Detailed abortion statistics.
States the government web site:
The 1998 session of the Minnesota legislature amended Minnesota’s abortion reporting requirement to include all physicians licensed and practicing in Minnesota who perform abortions and all Minnesota facilities in which abortions are performed (MN Statutes, 145.4131 – 145.4136). A report must be completed and submitted to the Minnesota Department of Health for each procedure.
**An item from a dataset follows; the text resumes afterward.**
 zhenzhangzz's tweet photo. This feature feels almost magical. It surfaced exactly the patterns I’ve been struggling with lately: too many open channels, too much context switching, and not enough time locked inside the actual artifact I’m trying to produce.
This report is issued in compliance with MN Statute 145.4134 which requires a yearly public report of induced abortion statistics for the previous calendar year and statistics for prior years adjusted to reflect any additional information from late and/or corrected report forms, beginning with October 1, 1998 data.
The induced abortion report for 2012, just released this month, can be found here.
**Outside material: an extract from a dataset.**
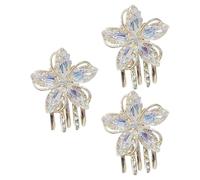 LIFKICH 3pcs Small Flower Claw Clamp Hair Clips for Women Alloy Material Stylish Hair Clasp Ornament for Everyday Use Makeup Bath Parties and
And the streets of Minnesota are quiet.
As has been noted here on previous occasions on the issue of the censorship of abortion statistics in Canada:
That being the case, it is difficult not to conclude that the government simply wants to make an exception in the case of abortion in order to prevent researchers or opponents from continuing to assemble the kind of numbers that may make some Canadians uncomfortable. There are thousands of tax-funded medical procedures carried out on a daily basis in Ontario, many of them of a similarly sensitive nature. Singling out abortion as the only exception to the rule of public access suggests the government’s real motivation is a desire to stifle debate and avoid having to answer the difficult questions that arise from Canada’s easy and unquestioning approach to the provision of abortion.
-Kelly McParland | Aug 10, 2012 11:37 National Post
There currently are no studies to examine why citizens in Minnesota are trusted with the concept of Open Data, but are not politically mature to handle it in British Columbia or Ontario.